ResLife Generational Change: Taking the Time for the “Why”

For many of us working in student affairs, whether fresh out of our undergraduate programs or a few — or fine, many — years into our careers, it can feel exhausting to field the steady stream of Resident Advisor questions that dissect every policy, procedure, and email. It can feel like there’s always something. Our instinct often defaults to one of two responses. “Because we said so,” or the even riskier, “because that’s the way we do things.” I understand the impulse, I really do. When you know what works (and what doesn’t) from your years of experience and you’ve already debated these decisions at length behind the scenes, you simply want everyone to lock in and do their jobs. Yet when we fall back on these answers, we miss the deeper question our RAs are really asking. 

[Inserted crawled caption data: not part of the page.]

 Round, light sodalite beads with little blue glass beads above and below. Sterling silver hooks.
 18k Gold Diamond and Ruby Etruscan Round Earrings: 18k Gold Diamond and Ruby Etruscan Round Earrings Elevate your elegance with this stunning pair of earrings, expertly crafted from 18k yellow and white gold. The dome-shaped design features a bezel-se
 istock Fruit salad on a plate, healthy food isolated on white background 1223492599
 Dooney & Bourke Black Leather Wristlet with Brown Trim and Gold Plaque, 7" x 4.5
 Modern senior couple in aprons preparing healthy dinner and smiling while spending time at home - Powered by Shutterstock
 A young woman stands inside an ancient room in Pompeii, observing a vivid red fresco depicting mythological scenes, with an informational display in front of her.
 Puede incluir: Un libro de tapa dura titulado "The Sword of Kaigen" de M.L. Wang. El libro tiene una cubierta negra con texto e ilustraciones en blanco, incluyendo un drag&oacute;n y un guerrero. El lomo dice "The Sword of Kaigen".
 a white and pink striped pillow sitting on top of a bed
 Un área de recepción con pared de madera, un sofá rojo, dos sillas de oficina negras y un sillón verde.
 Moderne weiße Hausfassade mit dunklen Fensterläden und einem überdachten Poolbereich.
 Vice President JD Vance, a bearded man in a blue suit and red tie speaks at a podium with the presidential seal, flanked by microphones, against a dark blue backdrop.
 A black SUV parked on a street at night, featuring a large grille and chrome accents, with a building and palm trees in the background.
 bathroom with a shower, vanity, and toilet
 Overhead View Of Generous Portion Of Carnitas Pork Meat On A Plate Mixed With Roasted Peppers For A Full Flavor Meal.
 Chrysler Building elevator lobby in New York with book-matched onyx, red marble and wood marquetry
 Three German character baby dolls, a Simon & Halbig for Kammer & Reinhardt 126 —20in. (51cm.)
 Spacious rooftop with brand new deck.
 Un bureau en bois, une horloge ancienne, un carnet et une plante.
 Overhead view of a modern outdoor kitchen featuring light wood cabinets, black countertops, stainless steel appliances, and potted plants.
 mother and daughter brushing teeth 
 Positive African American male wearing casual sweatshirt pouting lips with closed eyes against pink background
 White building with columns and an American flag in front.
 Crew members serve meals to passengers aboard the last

How is the rising generation of college students changing ResLife practice?

This blog series features different writers responding to the prompt, “How is the rising generation of college students changing residence life practice?”

At the end of the day, students want to understand why. 

The rising generation of college students is savvy to just how malleable “norms” are in all aspects of their lives. The COVID pandemic pulled the curtain back on policy making and students saw that institutions, whether they were high schools, colleges, sporting events, whatever, could create and change policies quickly to adapt to new circumstances. The process, which we’re not going to relive in all its horror here, highlighted that truly nothing is set in stone. That shift changed student expectations, especially around previously rigid and unquestioned norms, and we can’t expect to return to a world where “because that’s what we’ve always done” satisfies anyone. 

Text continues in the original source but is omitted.